Bedford’s football club in the 19th century played for some years under both codes. One week they played under Football Association rules and the next week using Rugby Union rules. This seems very quaint now and was recognised at the time as being unsustainable, so in 1882 the two codes parted company and set up separate teams. The rugby team named themselves Bedford Swifts and the club is still going today and plays in the East Midlands league.
On November 28th 1885 Wolverton travelled to Bedford to play against the Swifts and the game ended in a rancorous draw, with ill feeling on both sides. Letters were written to Croydon’s Weekly Standard (later known as the Bucks Standard) and I reproduce them here to perhaps tell the story.
First the Wolverton account:
Sir – Having been questioned by several persons as to the reason the Bedford Football Club refuse to play the return match with our club, I should be obliged if you would allow me to inform those of your readers who take an interest in our club, the grounds on which this refusal is based.We journeyed to Bedford on the 28th ult. (November) to play our first match of the season with this club. When the teams faced each other, it was evident that the Wolverton team was at a great disadvantage, their opponents being much more strongly represented, yet the game, which at first appeared an easy win for the home team, resulted in a draw. During the first half-time Bedford obtained a try, and, in the second half, both teams played a fast game, but, about one minute before time was called, the Wolverton team, contrary to the expectation of their opponents, succeeded in obtaining a try. It was then that the Bedford captain, finding that their chance of victory was over, time being called, appeared terribly agitated, and objected to the try being obtained by Wolverton.I wish to state the facts as they occurred. The ball was run in, and the umpires appealed to. Both decided that the try was fairly obtained, but the Bedford captain, contrary to the rules of football, disputed the decision of both umpires. Last week I received a letter stating that, after what occurred, the Bedford Club would not meet to play the return match. I can only say that if members of this club are so lost to fair play, their refysal to meet again reflects discredit upon themselves only.On behalf of the Club,I remain yours faithfully,Alf. E. AbbottHon. Sec. Wolverton FC.Wolverton, December 17, 1885.
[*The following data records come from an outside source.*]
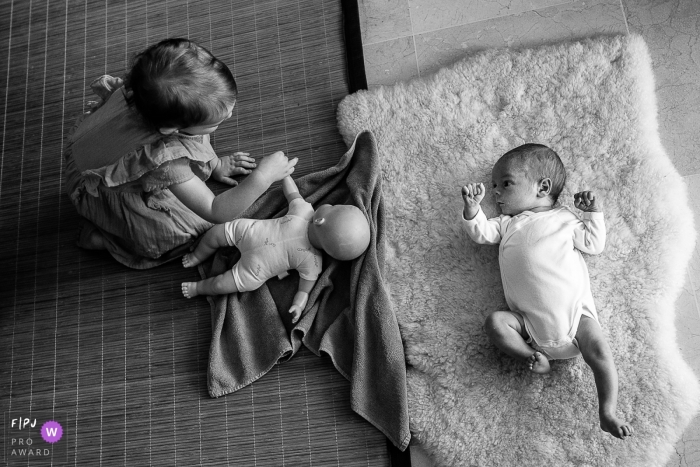 A baby watches his sister play with a baby doll in this documentary-style family photo captured by a Savoie photographer. 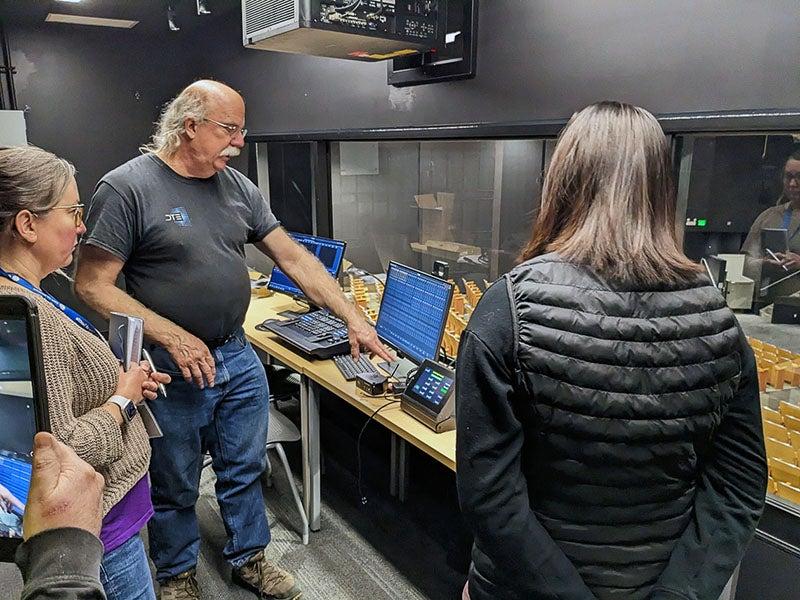 three people stand in a control booth with computers - a window looks out to auditorium seating below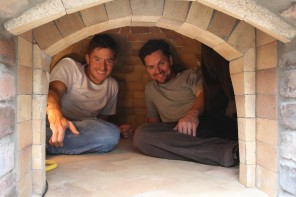 George Pascoe and brother-in-law and business partner James Martin sitting in our new wood oven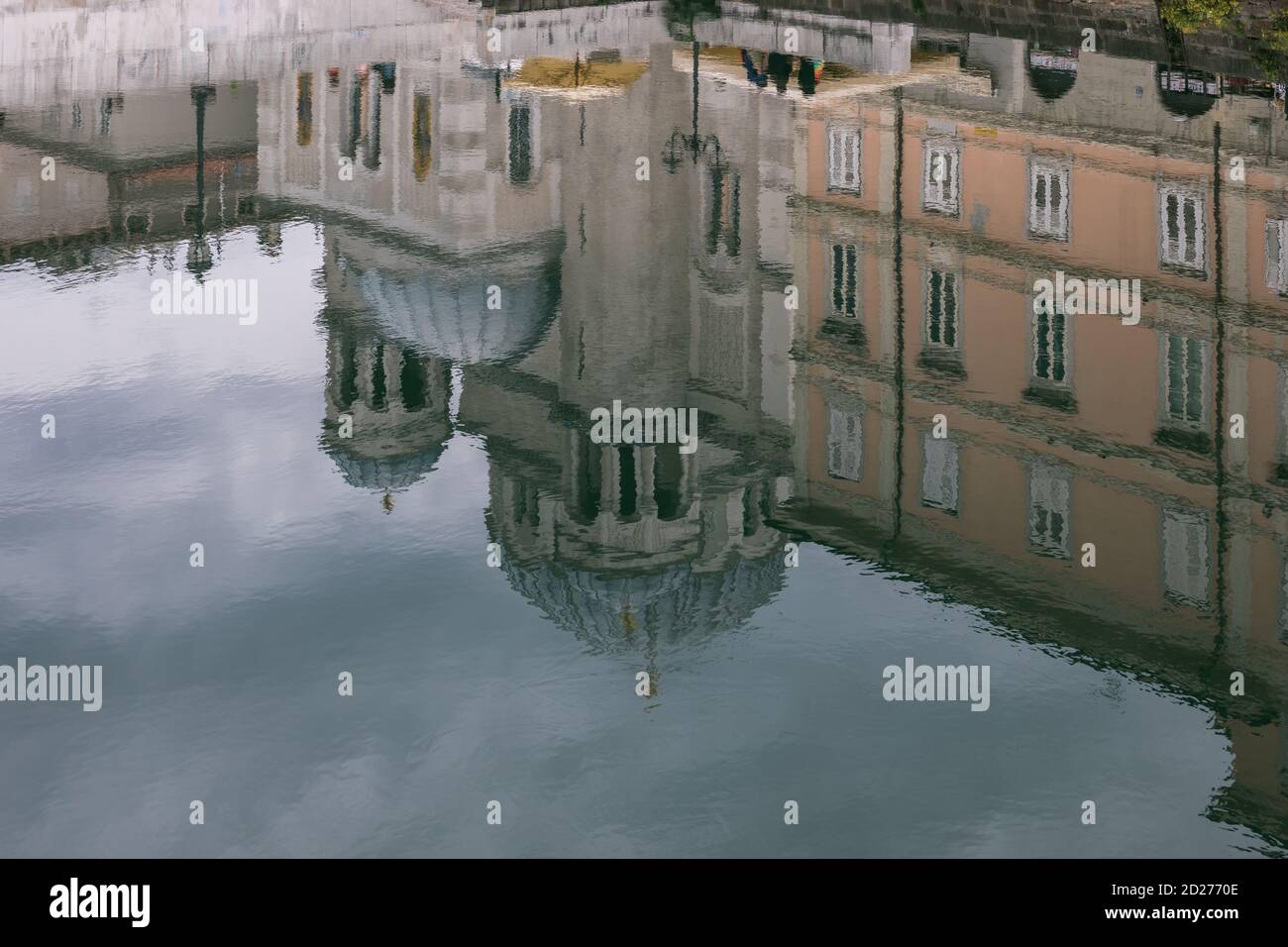Reflections of buildings (Serbian Orthodox church of Saint Spyridon) in the Grand Canal, Trieste, Friuli Venezia Giulia, Italy Stock Photo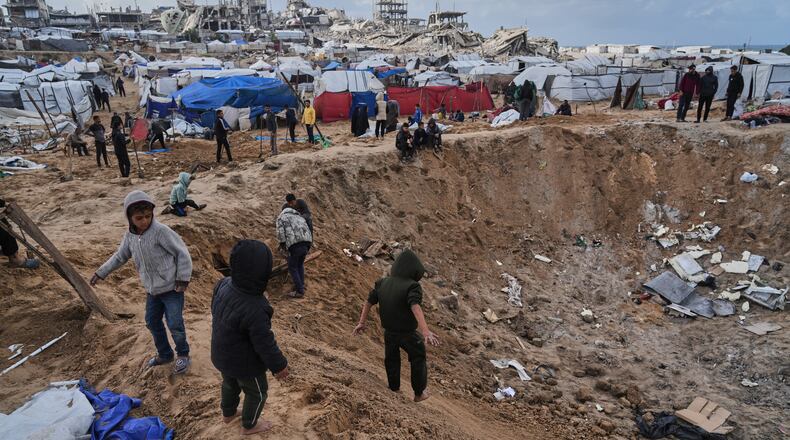 Palestinians inspect the damage at a displacement camp following an Israeli strike in Gaza City, Friday, Jan. 9, 2026. (AP Photo/Jehad Alshrafi)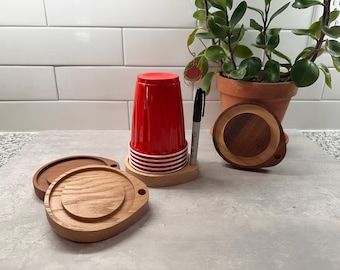 May include: Wooden coasters with a natural finish, paired with a red plastic cup and a black marker. The coasters have a circular design with a raised center and a small handle. A potted plant is in the background.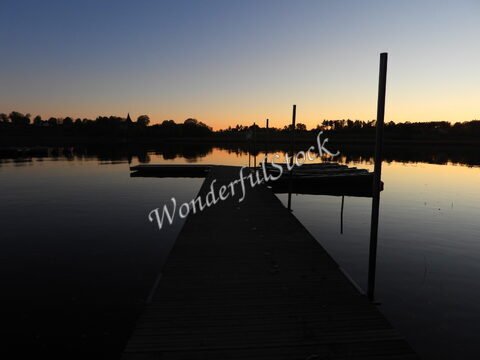 Un quai en bois au bord de l'eau à Hammarskog, Suède, avec des silhouettes de bateaux et un ciel crépusculaire.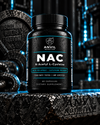 Anvil Nutrition NAC bottle, 600 mg N-Acetyl L-Cysteine per capsule and 60 capsules, standing on an anvil in front of weight plates.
Sir—I was surprised to see in your last issue a letter from the hoin. sec. of the Wolverton Football Club alleging reasons for our discontinuing the connection wish his club. As perhaps he may not be satisfied with an unqualified denial of those reasons, I may as well state our objections to again meeting his club are their ungentlemanly conduct and language, which were such as are expected only from the roughest of roughs, and which ought to be altogether foreign to the game of football. I am sorry to say that such notice was taken of it by the lookers on, that those who had not already left the field in disgust greeted the retirement of the Wolverton team with a storm of hooting. As to the remarks on the terrible agitation and unfairness or our captain, 1 can only say Mr. Abbott’s power of perception must be wonderfully keen, for no one has ever observed those qualities before, although the gentleman in question has been paying football for years. I am, Sir, yours faithfully, A. F. DUDLEY. Hon. Sec. Bedford Swifts Football Club40, Adelaide Square, Bedford.
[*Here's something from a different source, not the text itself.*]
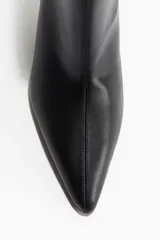 Botines cortos negros de cuero sintético, con punta fina y taco bajo y curvo. El diseño es liso y ajustado al tobillo.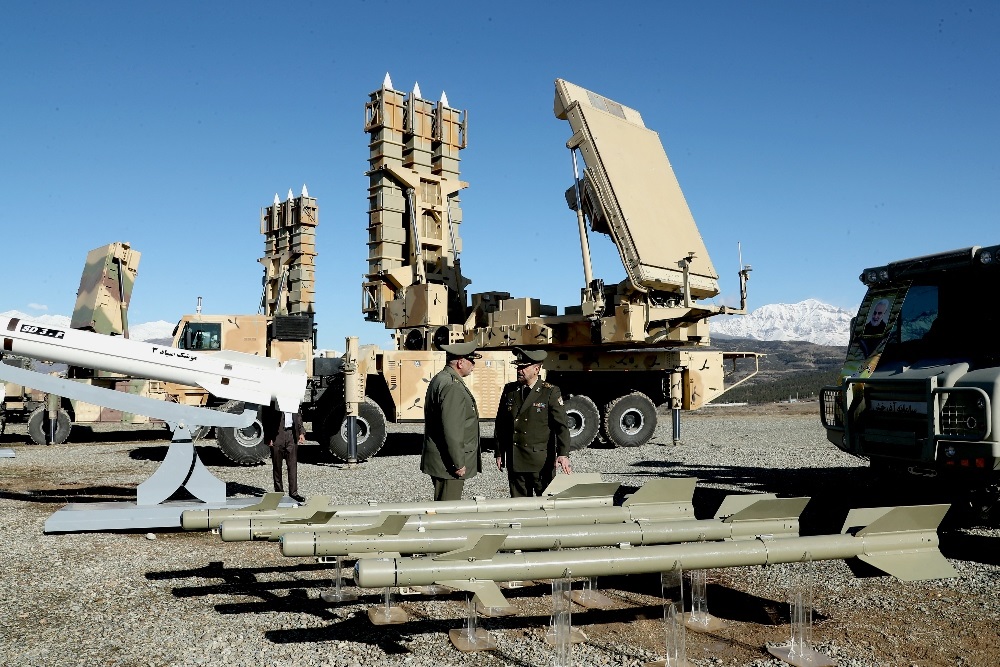 This handout picture provided by the Iranian Defence Ministry on 17 February 2024 shows officers standing next to a Sayad-3 missile during the unveiling of the Arman defense systems.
133 years later it is difficult to say who was at fault. Words were obviously spoken and not forgiven and relations were poisoned forever. Bedford, as far as I know, never played against Wolverton, although there have been games played between Bedford and Milton Keynes – so to that extent, the hatchet has been buried. This can be contrasted with Northampton Saints, whom Wolverton played several times at the end of the 19th century. In the early years of the re-formation of the Wolverton Rugby Club, Northampton Saints were kind enough to send a team to Wolverton to help to promote the game. By that time the Saints were among the top clubs in the country (as indeed they are today) and relations remained cordial, although they had been competitive in the 1880s and 1890s.